Former militant leaders, including Igor Plotnitsky, used cover passports when registering for flights. Forged documents could have been made by the GRU of Russia.
Former leader of the Donetsk militants Igor “Strelkov” Girkin and the leader of the “LPR” in 2014-2017 Igor Plotnitsky used fake “cover” passports, allegedly issued by the Main Directorate of the General Staff of the Armed Forces of the Russian Federation – an agency formerly known as the Main Intelligence Directorate (GRU ). This is stated in the investigation of the Bellingcat project and journalists from The Insider, published on Monday, July 18.

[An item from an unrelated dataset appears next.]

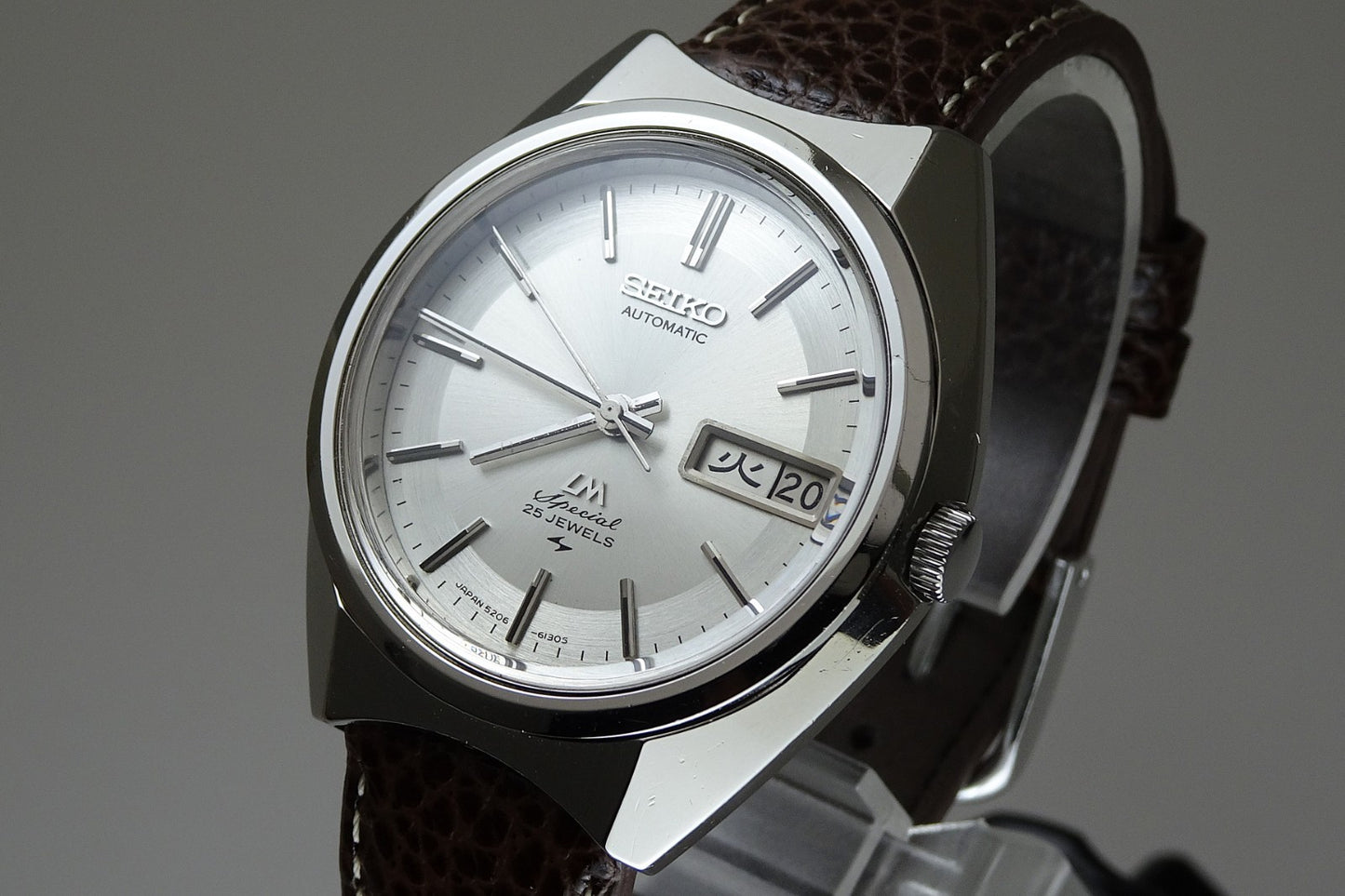 Vintage 1972 JAPAN SEIKO LORD MATIC SPECIAL WEEKDATER 5206-6110 25J Automatic.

Sergei Runov – Girkin used a cover passport with that name after returning from the Donbass to the Russian Federation, the publication says. Several facts helped reporters to find out. In particular, it is known that in December the ex-leader of the “DPR” militants, together with his wife Miroslava Reginskaya, went by plane from Moscow to Rostov-on-Don.
“According to the database of domestic flights, it is clear that when Reginskaya On December 20, she flew from Moscow to Rostov-on-Don and then back two days later, she booked tickets together with Sergey Viktorovich Runov, who was born on May 12, 1970,” the investigation says.
Journalists also claim that Runov is the surname of Girkin's maternal grandfather, and the person with the full name indicated in the cover passport, according to information from numerous databases, does not exist. The publication notes that Girkin used a passport in the name of Runov during trips outside of Moscow, during which he spoke at public events dedicated to Novorossiya.
As for Plotnitsky, according to journalists, his cover passport was also discovered through the fault of his wife, Larisa Plotnitskaya. According to investigators, in November 2014, Plotnitskaya flew out of Rostov-on-Don together with a person with the full name Igor Vladimirovich Plotnikov. The date of birth in Plotnikov's passport was the same as that of Plotnitsky – June 24, 1964.
“Plotnikov's passport belonged to the same range as the passports used by well-known GRU officers. For example, a passport with a number one digit below “Plotnikov” – 4514500473 – in the name of Alekseev Nikolai Konstantinovich (04/07/1980 year of birth) was used by an employee GRU in the Netherlands during a failed cyber operation against the OPCW in 2018,” the journalists say, assuming that Plotnitsky's passport was also issued by the GRU.
As for Plotnitsky, in January of this year a Ukrainian court sentenced him to life imprisonment in the case of the crash of an Il-76 military transport aircraft near Lugansk in 2014. Then all 49 servicemen of the Armed Forces of Ukraine who were on board died. In 2018, the Security Service of Ukraine reported that Plotnitsky left Donbass for the territory of the Russian Federation.